If breeders and / or racers could be selected using eye sign someone would have proven it to be fact by now and the racing world would have been changed. 

Just sayin... Don't put to much stock in eye sign.


----------



## Pollo70 (Jan 3, 2012)

ERIC K said:


> does anyone here use eye sign to pick breeders or racers. I picked up an old book on the subject and want to ask around to get some tips when looking at the eye. a friend of mine said he looks at the eyes and if the sign is at or near 2 o'clock in the eye it would be a good breeder. If the sing is at 7 o' clock it would be a racer.

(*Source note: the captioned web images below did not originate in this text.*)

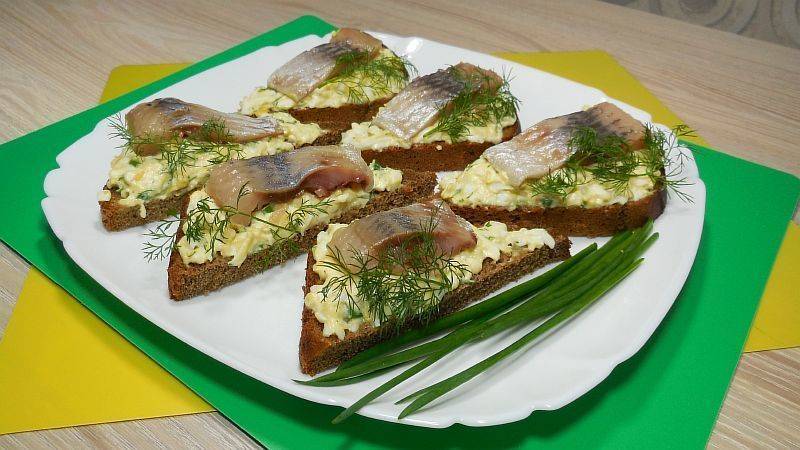 Закуска из селёдки - простые и вкусные рецепты на праздничный стол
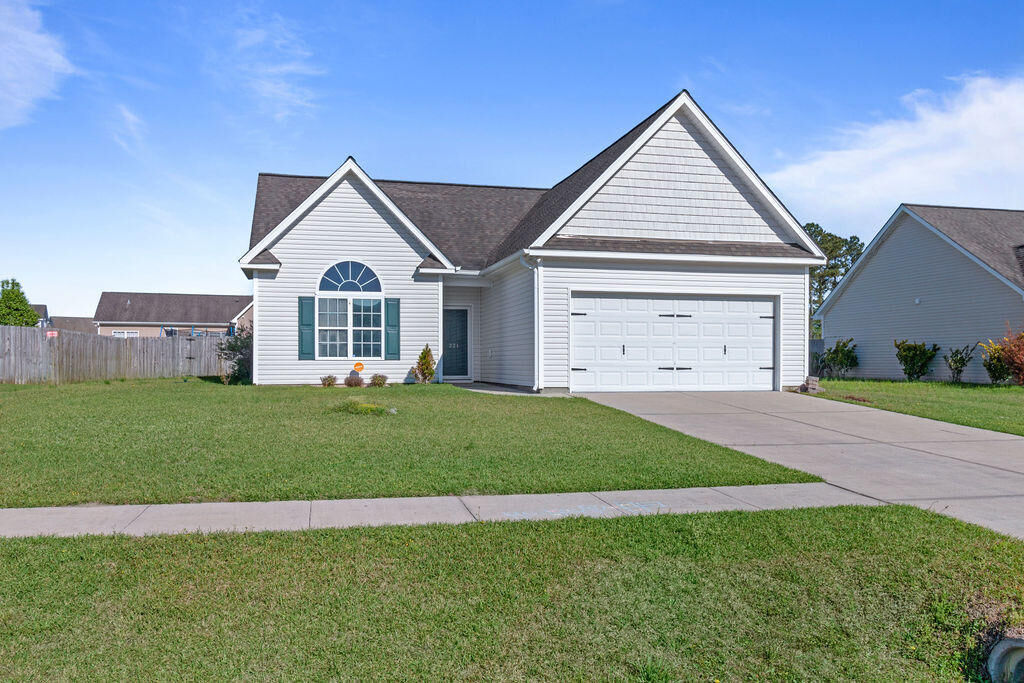 Property Photo:  221 Emerald Ridge Road  NC 28546 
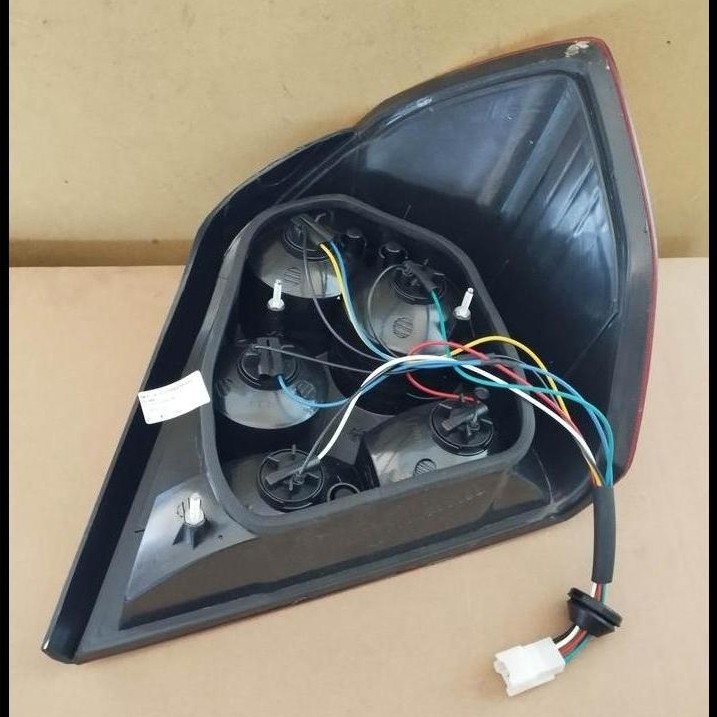 BEST DEAL LAMPU BELAKANG KIRI GEELY MK 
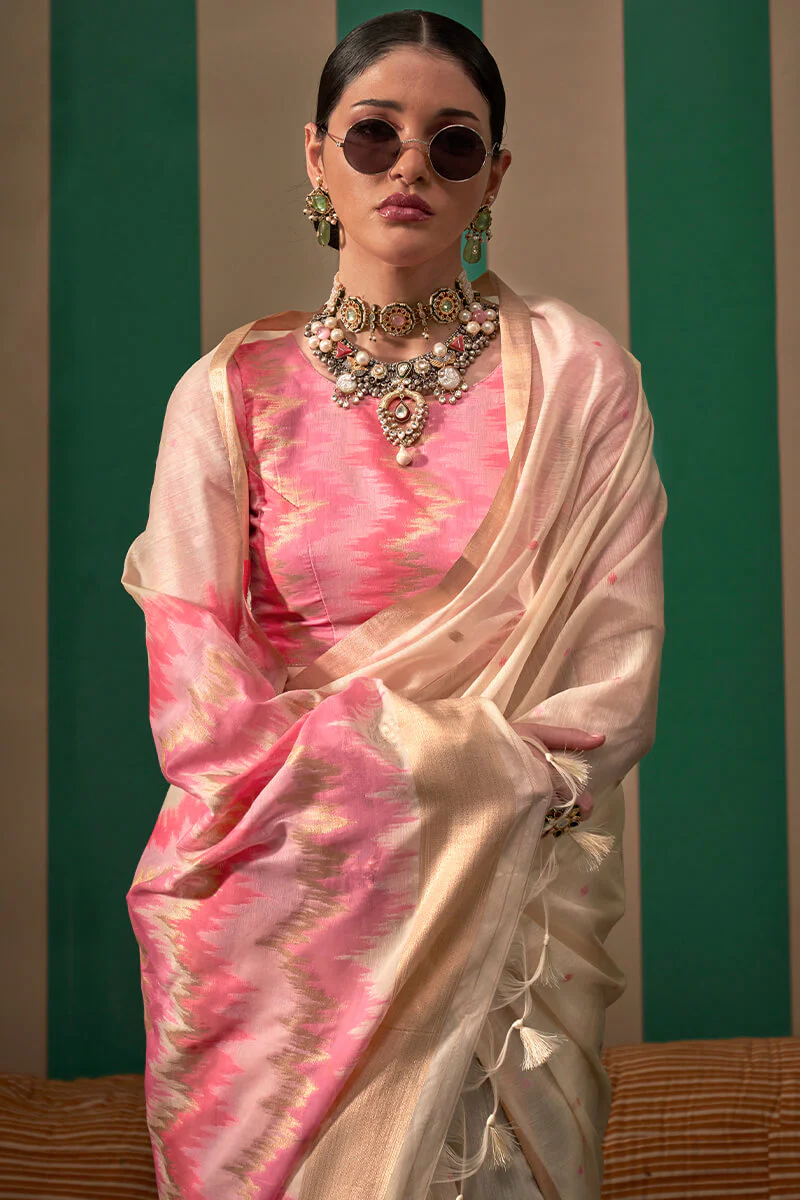 Snappy Beige Cotton Silk Saree With Confounding Blouse Piece - Image 2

What part of the eye or marking needs to be near the 2 o'clock and 7 o'clock mark to read the eye sign ?


----------



## ERIC K (Mar 29, 2010)

I know this would be one of those subjects that many would be on one side or the other
There have been people that could go into your loft and pick your best bird just by looking at them
Maybe the eye has something to do with it or not but I've read the Janssen brother used the eye color when breeding and we all know how good there birds were. Also people will say that you could see a bad bird with good eye sign but never a champion without good eye sign, so maybe not 100% but a tool none the less .


----------



## Pollo70 (Jan 3, 2012)

True that! ERIC K


----------



## Rod Hultquist (Aug 23, 2009)

Most fanciers that I have questioned over the years echo the sentiments of those who have responded. However, you could check out this website explaining their thoughts on eye sign
http://www.tourdesmaritimes.com/Eyesign/Eyesign101/myron_kulik_intro.htm


----------



## Pollo70 (Jan 3, 2012)

Rod Hultquist said:


> Most fanciers that I have questioned over the years echo the sentiments of those who have responded. However, you could check out this website explaining their thoughts on eye sign
> http://www.tourdesmaritimes.com/Eyesign/Eyesign101/myron_kulik_intro.htm


Thanks for sharing that should answer all questions about eye sign


----------



## Alamo (Nov 22, 2008)

Eyesign.....Feathering.....Muscle.....Body Structure.....Balance....Smarts....Tuffness...etc...
*Is what makes up a great pigeon....*
I once found a baby squeaker wild pigeon in my loft...It had the BEST eyesign I have ever seen...Put a band on the baby and let it go....It had a body and feathers that were utterly horrible.....Everything about the pigeon was horrible except the eye.....It took me a few weeks for this to hit me why...The wild pigeons only mate for eyesign,and nothing else....Alamo you say,your crazy !! Wild pigeons mate with whomever they want...Yes they do,but to live out their lives,the only thing that matters is finding food....And without great eyes,they will die trying to find anything to eat....So only the pigeons with the BEST eyes live,and live to breed,and that means they are breeding for eyesign....
With that said,if you breed for eyesign only,you will never win any races....
*Eyesign is only one of the TOOLS used to help select the best specimens to breed from....*.Alamo


----------



## ERIC K (Mar 29, 2010)

If anyone is interested , a friend of mine has told me he has the copy rights to 3 booklets written by Henry Sadewater. There are " everything you ever wanted to know about your racing pigeons and then some: , " the sadewater method natural set-ups and conditioning " and Standardizatiom of Values , numerical values of racimg pigeoms, Eye sign & body conformation. These books are loaded with information and will be for sale all 3 for $60.00 or $ 25 each + shipping.


----------



## dannyboy (Dec 25, 2014)

ERIC K said:


> does anyone here use eye sign to pick breeders or racers. I picked up an old book on the subject and want to ask around to get some tips when looking at the eye. a friend of mine said he looks at the eyes and if the sign is at or near 2 o'clock in the eye it would be a good breeder. If the sing is at 7 o' clock it would be a racer.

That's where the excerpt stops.